Pensiamo alla canzone nel juke-box che Killer lascia ad Agent (“Forget Him”), per comunicargli il suo abbandono. Oppure alle sequenze girate con la videocamera da Ho, che riprende il padre, prima scocciato dal gioco del figlio e poi, di notte, sorpreso a commuoversi di fronte a quelle buffe immagini. Immagini che avranno tutt’altro “sapore” emozionale al momento della morte del padre di Ho. Allora, immediatamente, diventano documento, memoria. Qualcosa che ci apparteneva e che oggi non c’è più.
Il messaggio registrato da Lai non è neppure udibile. Eppure grida, sbraita e si fa comprensibile nella sua incomunicabilità, così come il biglietto illeggibile di Hong Kong Express o la lettera del marito invisibile di Zhen di In the mood for love.

Conclusioni

Il cinema di Wong Kar Wai è tante cose, ma soprattutto è l’inseguimento di un sogno perduto. La camera è una lente di ingrandimento che ci rende vicini ai personaggi visivamente, ma che ci fa percepire la loro distanza corporea, il distacco della loro anima, innavvicinabile, imprendibile.

La regia di Wai è un gioco di angoli e spigolature. Una regia che gioca sulla geometria ma che non è rigorosamente geometrica. Anzi, è frenetica, movimentata, il prolungamento tecnico del flusso narrativo che tramuta in immagine.

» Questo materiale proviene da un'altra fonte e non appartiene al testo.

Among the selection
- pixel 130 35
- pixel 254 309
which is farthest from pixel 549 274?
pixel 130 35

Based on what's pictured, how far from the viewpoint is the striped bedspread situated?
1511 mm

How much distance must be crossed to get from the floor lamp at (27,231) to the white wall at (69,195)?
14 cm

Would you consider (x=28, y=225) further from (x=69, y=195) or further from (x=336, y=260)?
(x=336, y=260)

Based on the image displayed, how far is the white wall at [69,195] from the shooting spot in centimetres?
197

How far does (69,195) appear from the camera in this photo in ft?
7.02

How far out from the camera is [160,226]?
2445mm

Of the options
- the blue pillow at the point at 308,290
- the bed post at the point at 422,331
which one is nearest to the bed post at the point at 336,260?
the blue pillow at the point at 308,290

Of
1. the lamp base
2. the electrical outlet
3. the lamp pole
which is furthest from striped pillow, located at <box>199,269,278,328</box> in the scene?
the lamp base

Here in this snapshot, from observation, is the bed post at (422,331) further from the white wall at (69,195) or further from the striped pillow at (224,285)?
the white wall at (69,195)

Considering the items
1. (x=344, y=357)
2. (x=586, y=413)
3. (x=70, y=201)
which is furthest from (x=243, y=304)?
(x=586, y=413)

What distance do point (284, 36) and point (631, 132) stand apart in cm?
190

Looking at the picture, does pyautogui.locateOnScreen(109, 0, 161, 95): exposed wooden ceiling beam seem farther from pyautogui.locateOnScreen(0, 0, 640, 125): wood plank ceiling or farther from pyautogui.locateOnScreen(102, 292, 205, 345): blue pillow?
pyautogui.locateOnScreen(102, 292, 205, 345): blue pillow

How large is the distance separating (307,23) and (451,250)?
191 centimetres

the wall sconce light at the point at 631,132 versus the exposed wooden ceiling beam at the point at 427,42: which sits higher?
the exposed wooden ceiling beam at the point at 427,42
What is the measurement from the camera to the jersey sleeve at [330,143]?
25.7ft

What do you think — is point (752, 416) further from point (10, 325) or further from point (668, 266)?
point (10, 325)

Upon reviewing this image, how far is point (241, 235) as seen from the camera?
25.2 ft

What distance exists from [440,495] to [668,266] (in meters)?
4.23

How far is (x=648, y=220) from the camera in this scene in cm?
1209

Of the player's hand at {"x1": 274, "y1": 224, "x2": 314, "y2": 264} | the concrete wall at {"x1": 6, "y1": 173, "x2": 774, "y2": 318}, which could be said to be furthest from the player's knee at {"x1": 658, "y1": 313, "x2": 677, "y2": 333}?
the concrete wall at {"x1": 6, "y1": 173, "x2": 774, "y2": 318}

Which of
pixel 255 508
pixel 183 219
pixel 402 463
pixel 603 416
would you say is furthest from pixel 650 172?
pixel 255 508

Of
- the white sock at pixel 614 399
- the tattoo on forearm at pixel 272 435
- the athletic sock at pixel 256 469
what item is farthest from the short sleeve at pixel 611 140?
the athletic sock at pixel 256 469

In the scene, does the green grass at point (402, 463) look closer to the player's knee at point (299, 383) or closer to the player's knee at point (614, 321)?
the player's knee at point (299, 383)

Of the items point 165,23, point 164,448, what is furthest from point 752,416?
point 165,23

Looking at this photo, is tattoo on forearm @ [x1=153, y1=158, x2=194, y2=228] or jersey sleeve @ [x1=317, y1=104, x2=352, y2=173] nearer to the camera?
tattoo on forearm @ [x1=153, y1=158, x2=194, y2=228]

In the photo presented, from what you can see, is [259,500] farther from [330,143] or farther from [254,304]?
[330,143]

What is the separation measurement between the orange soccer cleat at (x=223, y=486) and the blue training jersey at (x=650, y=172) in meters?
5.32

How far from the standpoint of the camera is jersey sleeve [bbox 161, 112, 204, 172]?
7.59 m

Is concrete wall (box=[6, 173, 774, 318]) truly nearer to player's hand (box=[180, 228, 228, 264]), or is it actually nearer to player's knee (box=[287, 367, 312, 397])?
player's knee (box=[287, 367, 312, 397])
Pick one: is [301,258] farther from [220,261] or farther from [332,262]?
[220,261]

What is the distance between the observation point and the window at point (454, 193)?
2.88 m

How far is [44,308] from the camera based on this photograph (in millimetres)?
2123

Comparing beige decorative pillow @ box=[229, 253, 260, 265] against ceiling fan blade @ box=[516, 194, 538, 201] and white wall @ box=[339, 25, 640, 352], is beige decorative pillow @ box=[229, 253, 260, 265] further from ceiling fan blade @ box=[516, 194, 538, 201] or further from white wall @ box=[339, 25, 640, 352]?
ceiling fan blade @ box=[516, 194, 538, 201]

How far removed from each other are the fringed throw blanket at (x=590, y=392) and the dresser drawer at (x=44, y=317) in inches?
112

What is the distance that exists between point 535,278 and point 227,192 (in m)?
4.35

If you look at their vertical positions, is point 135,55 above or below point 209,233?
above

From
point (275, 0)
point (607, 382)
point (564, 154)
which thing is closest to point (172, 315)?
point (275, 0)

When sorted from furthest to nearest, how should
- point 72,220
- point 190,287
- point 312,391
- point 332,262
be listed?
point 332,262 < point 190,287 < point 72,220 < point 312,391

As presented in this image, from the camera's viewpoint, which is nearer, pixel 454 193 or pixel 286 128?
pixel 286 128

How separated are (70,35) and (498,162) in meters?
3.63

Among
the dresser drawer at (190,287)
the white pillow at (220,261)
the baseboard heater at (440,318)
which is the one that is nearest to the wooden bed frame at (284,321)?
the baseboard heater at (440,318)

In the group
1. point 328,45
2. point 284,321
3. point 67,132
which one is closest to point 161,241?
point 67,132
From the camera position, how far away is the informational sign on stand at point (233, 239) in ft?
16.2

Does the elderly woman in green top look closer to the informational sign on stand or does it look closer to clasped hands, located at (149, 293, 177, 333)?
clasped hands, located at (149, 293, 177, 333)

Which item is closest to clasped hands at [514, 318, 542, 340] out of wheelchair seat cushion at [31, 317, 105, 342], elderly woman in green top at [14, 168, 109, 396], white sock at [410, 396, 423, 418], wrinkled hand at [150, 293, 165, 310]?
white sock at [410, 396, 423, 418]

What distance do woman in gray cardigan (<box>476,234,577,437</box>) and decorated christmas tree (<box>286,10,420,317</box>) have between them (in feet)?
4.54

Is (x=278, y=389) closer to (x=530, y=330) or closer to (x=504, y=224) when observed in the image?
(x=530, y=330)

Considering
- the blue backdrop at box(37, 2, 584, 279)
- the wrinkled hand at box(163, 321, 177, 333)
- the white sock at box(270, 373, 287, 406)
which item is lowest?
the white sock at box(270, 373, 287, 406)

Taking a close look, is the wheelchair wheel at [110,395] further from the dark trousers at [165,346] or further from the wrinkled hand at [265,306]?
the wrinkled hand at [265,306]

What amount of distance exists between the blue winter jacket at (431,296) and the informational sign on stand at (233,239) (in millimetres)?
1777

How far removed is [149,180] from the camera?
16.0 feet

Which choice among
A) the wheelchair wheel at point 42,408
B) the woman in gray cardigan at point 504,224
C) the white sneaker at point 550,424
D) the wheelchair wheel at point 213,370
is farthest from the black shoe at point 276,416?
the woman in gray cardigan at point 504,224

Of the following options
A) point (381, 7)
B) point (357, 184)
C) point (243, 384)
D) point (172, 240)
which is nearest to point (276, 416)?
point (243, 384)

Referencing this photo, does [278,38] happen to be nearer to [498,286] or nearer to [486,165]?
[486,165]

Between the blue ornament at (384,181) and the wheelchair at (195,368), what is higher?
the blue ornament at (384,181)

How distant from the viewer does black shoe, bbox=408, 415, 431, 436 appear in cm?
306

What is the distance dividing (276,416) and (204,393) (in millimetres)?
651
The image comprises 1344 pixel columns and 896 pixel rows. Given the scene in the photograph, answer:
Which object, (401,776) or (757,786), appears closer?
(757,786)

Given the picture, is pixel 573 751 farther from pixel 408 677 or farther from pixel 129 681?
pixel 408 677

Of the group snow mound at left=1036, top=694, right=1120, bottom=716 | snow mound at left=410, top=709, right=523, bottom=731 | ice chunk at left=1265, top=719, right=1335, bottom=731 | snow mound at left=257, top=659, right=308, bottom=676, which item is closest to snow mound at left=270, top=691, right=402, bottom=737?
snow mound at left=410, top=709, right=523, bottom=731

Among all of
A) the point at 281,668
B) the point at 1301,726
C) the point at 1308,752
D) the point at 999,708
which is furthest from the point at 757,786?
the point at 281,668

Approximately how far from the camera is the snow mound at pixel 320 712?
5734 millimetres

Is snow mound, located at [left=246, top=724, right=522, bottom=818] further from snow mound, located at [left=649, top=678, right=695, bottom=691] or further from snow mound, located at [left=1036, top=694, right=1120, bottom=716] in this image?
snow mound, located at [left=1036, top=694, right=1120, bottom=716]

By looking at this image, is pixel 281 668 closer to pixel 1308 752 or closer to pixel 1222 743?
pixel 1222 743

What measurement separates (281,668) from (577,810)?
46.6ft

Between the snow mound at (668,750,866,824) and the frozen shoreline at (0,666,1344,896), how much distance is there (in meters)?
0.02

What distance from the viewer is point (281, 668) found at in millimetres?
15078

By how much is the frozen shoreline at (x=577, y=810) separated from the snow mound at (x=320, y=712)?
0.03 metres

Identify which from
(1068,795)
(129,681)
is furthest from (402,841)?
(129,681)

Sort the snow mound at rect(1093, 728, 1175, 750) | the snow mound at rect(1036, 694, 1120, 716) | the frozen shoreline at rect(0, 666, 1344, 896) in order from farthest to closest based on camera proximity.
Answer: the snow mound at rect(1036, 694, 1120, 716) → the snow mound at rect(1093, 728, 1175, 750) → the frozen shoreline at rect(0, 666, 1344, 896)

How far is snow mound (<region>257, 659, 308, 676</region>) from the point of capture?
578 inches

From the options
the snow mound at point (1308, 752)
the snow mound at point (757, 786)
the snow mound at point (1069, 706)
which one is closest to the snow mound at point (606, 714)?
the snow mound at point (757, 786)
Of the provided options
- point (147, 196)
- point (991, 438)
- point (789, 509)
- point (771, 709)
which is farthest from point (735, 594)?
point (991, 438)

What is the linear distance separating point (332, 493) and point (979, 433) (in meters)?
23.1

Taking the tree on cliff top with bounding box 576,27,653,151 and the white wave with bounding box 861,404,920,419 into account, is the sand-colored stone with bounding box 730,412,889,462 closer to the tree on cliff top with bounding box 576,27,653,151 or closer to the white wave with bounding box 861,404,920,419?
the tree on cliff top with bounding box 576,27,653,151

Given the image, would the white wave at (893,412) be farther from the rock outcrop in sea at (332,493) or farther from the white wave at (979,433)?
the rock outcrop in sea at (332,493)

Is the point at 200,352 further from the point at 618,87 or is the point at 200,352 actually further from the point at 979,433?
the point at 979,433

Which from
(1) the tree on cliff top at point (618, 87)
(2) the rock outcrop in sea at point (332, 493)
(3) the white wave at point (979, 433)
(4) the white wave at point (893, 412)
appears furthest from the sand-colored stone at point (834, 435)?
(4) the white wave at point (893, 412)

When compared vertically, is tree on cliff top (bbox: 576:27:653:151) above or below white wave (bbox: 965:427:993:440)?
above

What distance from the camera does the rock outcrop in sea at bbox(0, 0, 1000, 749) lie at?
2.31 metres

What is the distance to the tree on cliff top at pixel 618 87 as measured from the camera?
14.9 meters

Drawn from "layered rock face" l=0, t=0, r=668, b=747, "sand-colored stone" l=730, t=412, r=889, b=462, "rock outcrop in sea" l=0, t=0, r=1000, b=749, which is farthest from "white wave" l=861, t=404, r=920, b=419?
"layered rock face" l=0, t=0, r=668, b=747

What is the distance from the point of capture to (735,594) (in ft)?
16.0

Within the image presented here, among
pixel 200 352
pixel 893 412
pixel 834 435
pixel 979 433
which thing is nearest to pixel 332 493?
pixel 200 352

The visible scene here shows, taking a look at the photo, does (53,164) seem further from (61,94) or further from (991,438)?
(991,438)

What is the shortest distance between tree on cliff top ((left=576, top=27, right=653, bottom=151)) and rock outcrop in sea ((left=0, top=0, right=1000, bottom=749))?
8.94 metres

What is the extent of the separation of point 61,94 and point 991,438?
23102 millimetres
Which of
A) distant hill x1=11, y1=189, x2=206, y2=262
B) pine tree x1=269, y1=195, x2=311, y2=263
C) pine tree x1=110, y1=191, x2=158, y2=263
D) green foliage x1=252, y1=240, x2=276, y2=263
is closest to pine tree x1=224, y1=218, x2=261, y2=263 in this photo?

Memorabile la scena di combattimento in As Tears goes by, durante la quale Wang uccide con una mannaia uno dei tirapiedi del boss rivale. E il tutto ripreso magistralmente nell’economia di un caos ordinato, di un unico sfarfallio di immagini frammiste a luci. Una sensazionale stroboscopia di bagliori e di suoni assordanti.